The profession won the argument. Then forgot to tell anyone.
That gap, between what the science proves and what the C-suite acts on, is exactly why this newsletter exists. Someone has to translate this stuff into language that moves budgets and changes decisions. That’s the work.
What I’ve been listening to
Four hours to Halifax with StoryBrand 2.0 in my ears. Donald Miller’s core argument hasn’t changed since the first edition: the hero’s journey is still the most powerful communication framework humans have ever built. Your customer is the hero. You are the guide.
What hit me this time: most ergonomics professionals, myself included at times, have been positioning themselves as the hero. The expert who arrives with the answers. Miller would say that’s exactly backwards. The worker is the hero. The organization is the hero. We are the guide.
That reframe changes everything about how I write, how I consult, and how I talk about this work.
What I’ve been thinking about
A conversation with a colleague this week about wearable technology in the workplace. The platform is impressive. The problem it’s trying to solve is real. Workers wear a device. It collects movement data in real time. The dashboard lights up with numbers.
And then the employer looks at it and says: now what?

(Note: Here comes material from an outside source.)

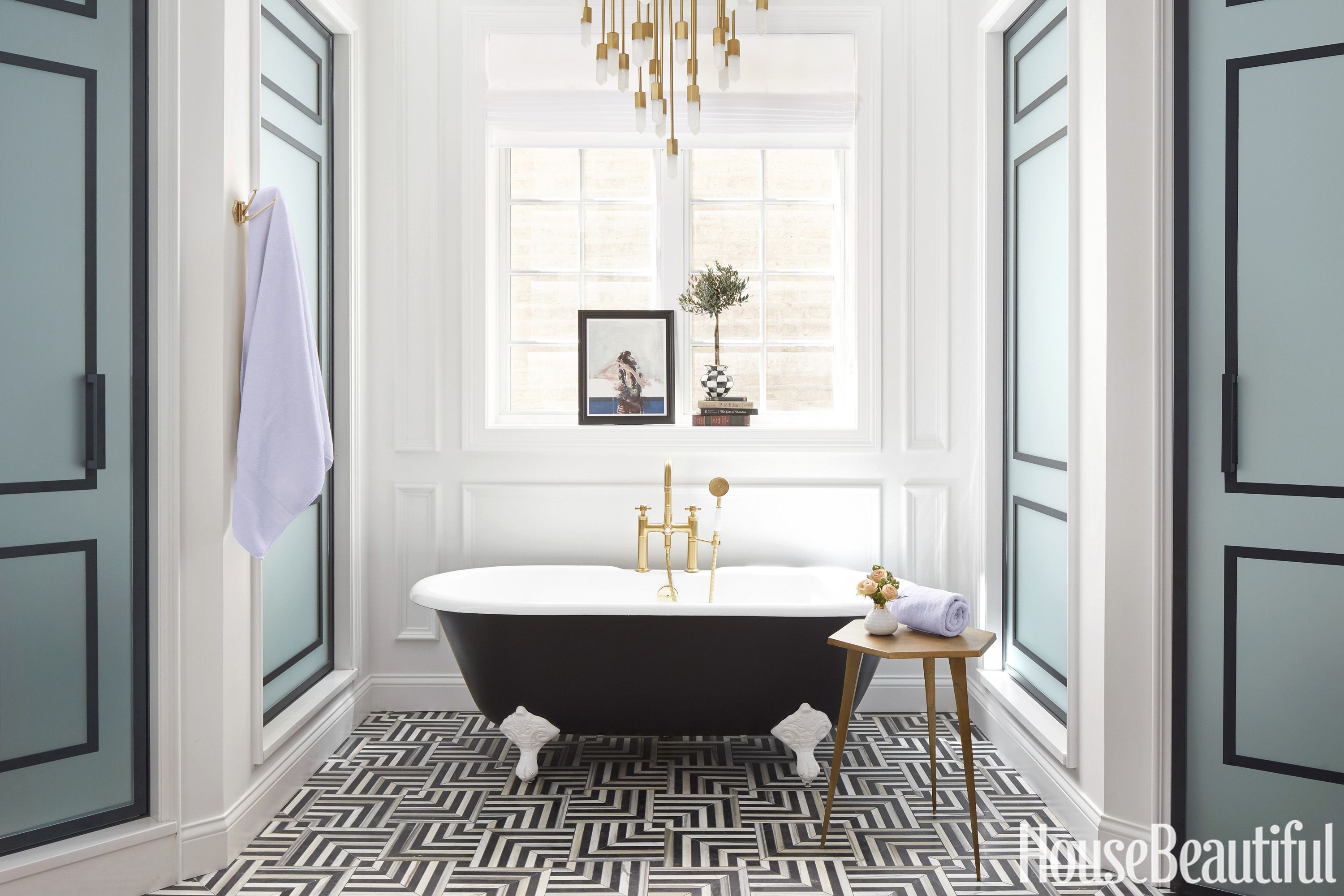 This Black and White Bathroom Is a Geometric Showstopper - This 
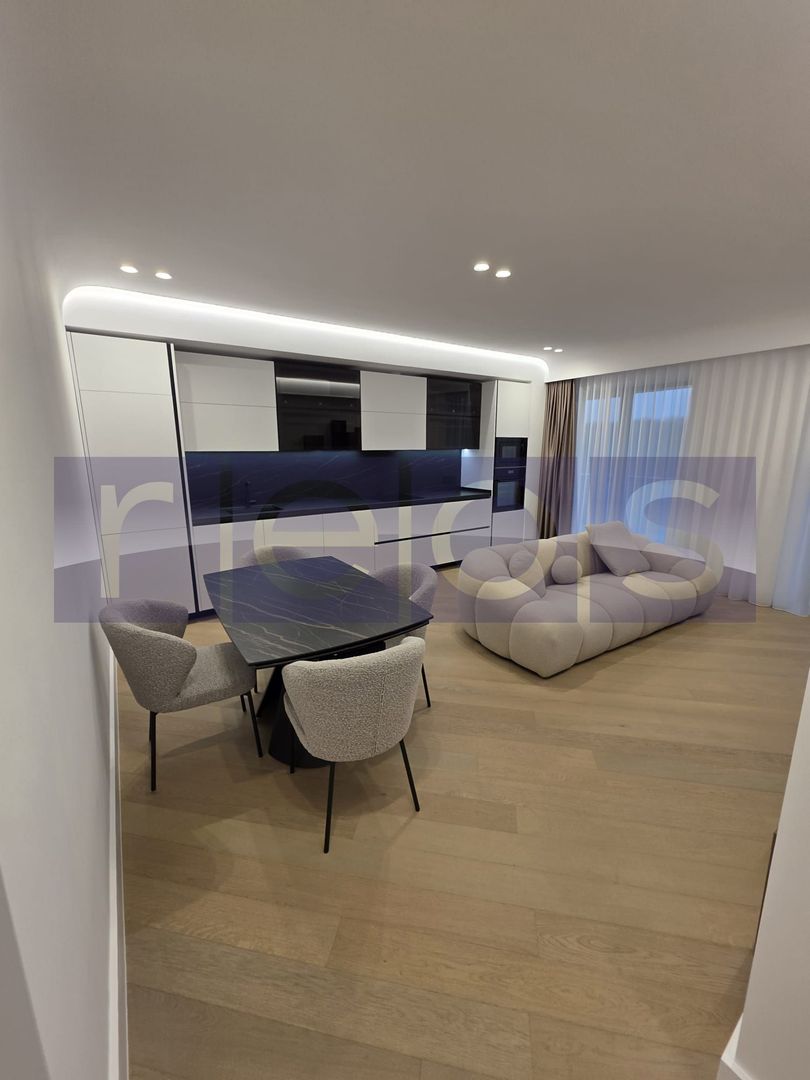VANZARE APARTAMENT 80MP | 3 CAMERE | MOBILAT-UTILAT LUX | TERASA 24MP - Poză 4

That’s the wall. Every time. Better and better tools generating richer and richer data, with thinner and thinner expertise available to make sense of what it’s actually telling you. The interpretation layer is missing and nobody wants to talk about that part.
This is the pattern I keep seeing across the industry right now. Technology is moving faster than the human capacity to act on what it produces.
AI makes smart people more powerful. It doesn’t replace the judgment that comes from thirty years on the floor. And until organizations close that gap, between data collection and meaningful action, the technology is just expensive wallpaper.
One thing worth your time
Blake McGowan’s full LinkedIn post, Ergonomics at a Crossroads: 25 Years of Progress, 25 Years of Missed Opportunity. Read it slowly. Then ask yourself what your organization has done with the last 25 years of evidence.